_About this task_. Omit every picture while repeating the entries exactly.

_Exercise inputs_.
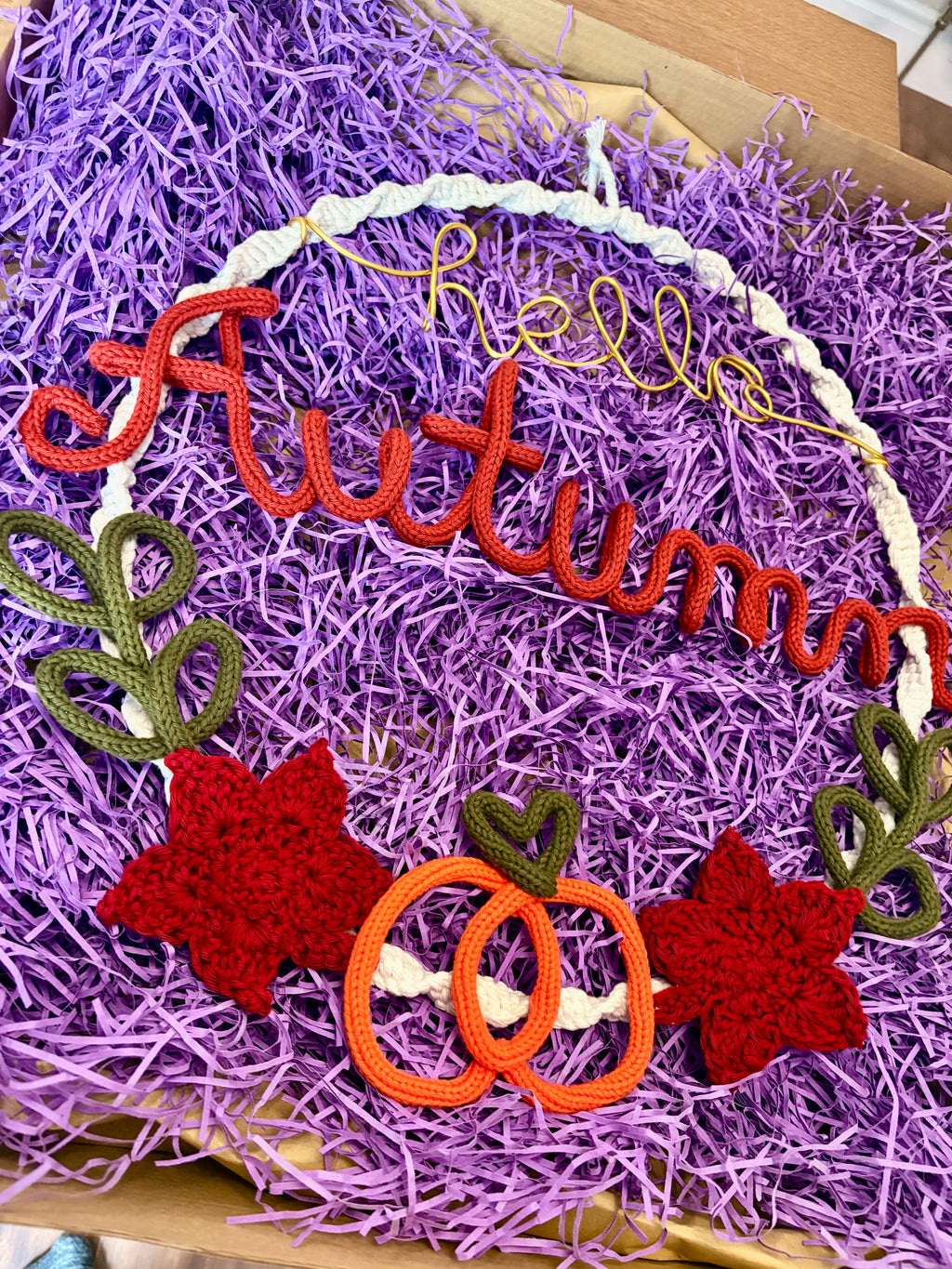 Handmade Knitted Wire Art Autumn Wreath – Personalised Knitted Wire Art with Pumpkin, Maple Leaves & Macramé Border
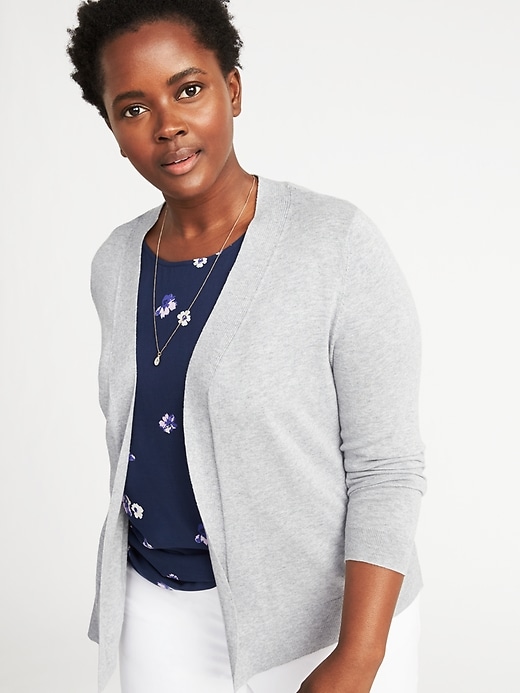 Image number 1 showing, Plus-Size Open-Front Sweater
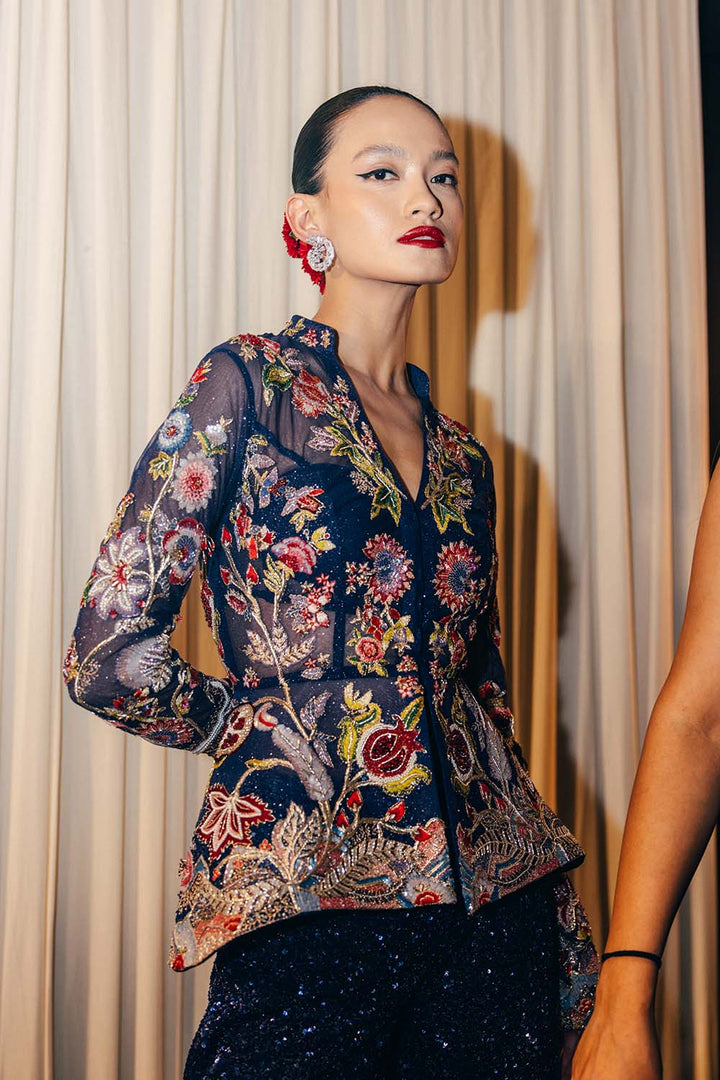 Anar Bel Hand-Embroidered Jacket with Hand-Embroidered Sharara in Blue
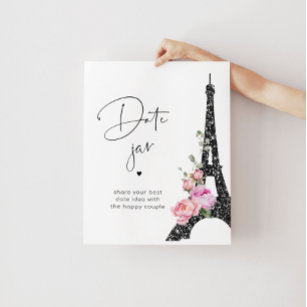 Paris Thema schwarz rosa Eiffelturm Datum jar Poster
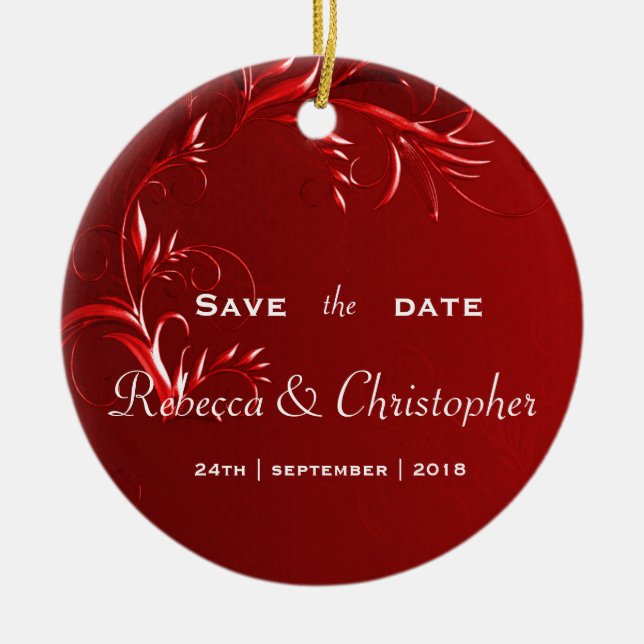 Elegant Red Save the Date Ceramic Ornament (Front)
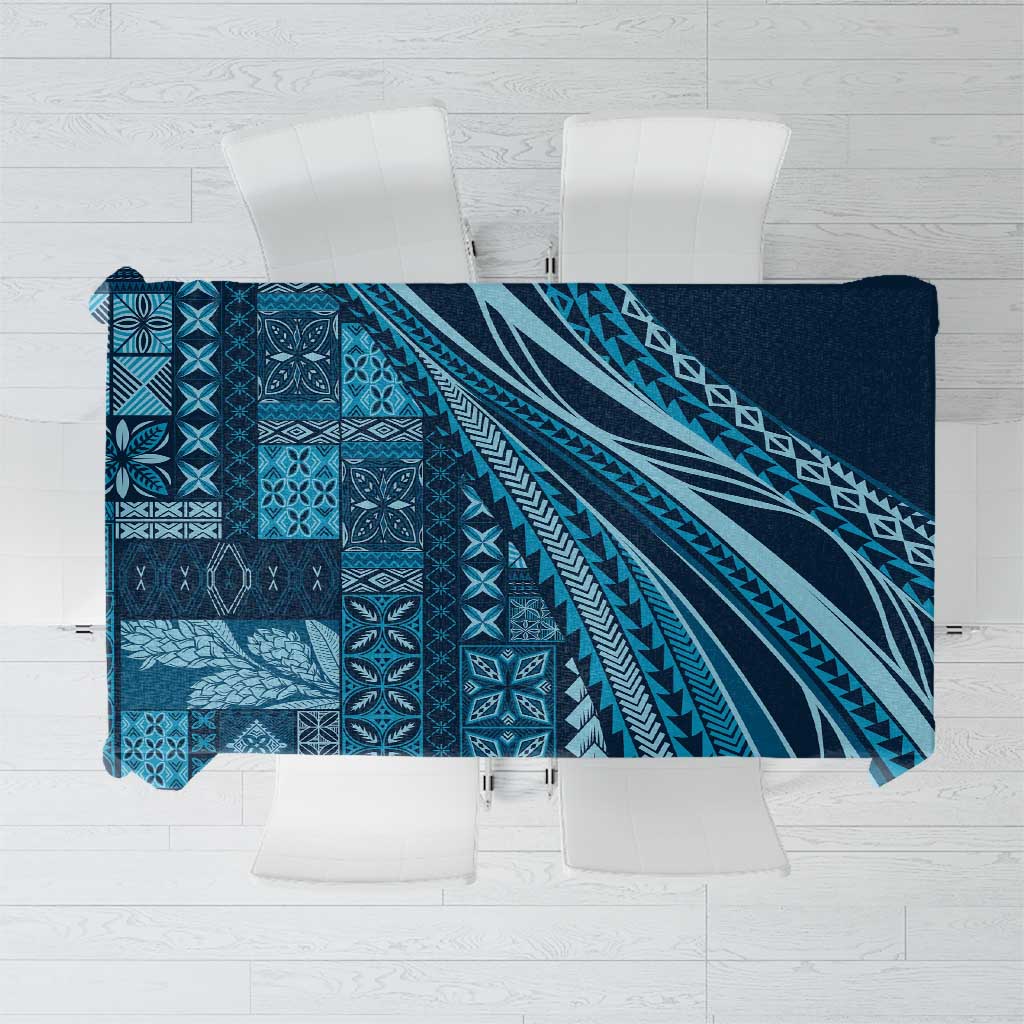 Pasifika Women's Day - Samoa Siapo Malu Tattoo Inspired Tablecloth Navy Blue LT7 Navy Blue - Polynesian Pride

_Written reply_.
 Handmade Knitted Wire Art Autumn Wreath – Personalised Knitted Wire Art with Pumpkin, Maple Leaves & Macramé Border
 Image number 1 showing, Plus-Size Open-Front Sweater
 Anar Bel Hand-Embroidered Jacket with Hand-Embroidered Sharara in Blue
 Paris Thema schwarz rosa Eiffelturm Datum jar Poster
 Elegant Red Save the Date Ceramic Ornament (Front)
 Pasifika Women's Day - Samoa Siapo Malu Tattoo Inspired Tablecloth Navy Blue LT7 Navy Blue - Polynesian Pride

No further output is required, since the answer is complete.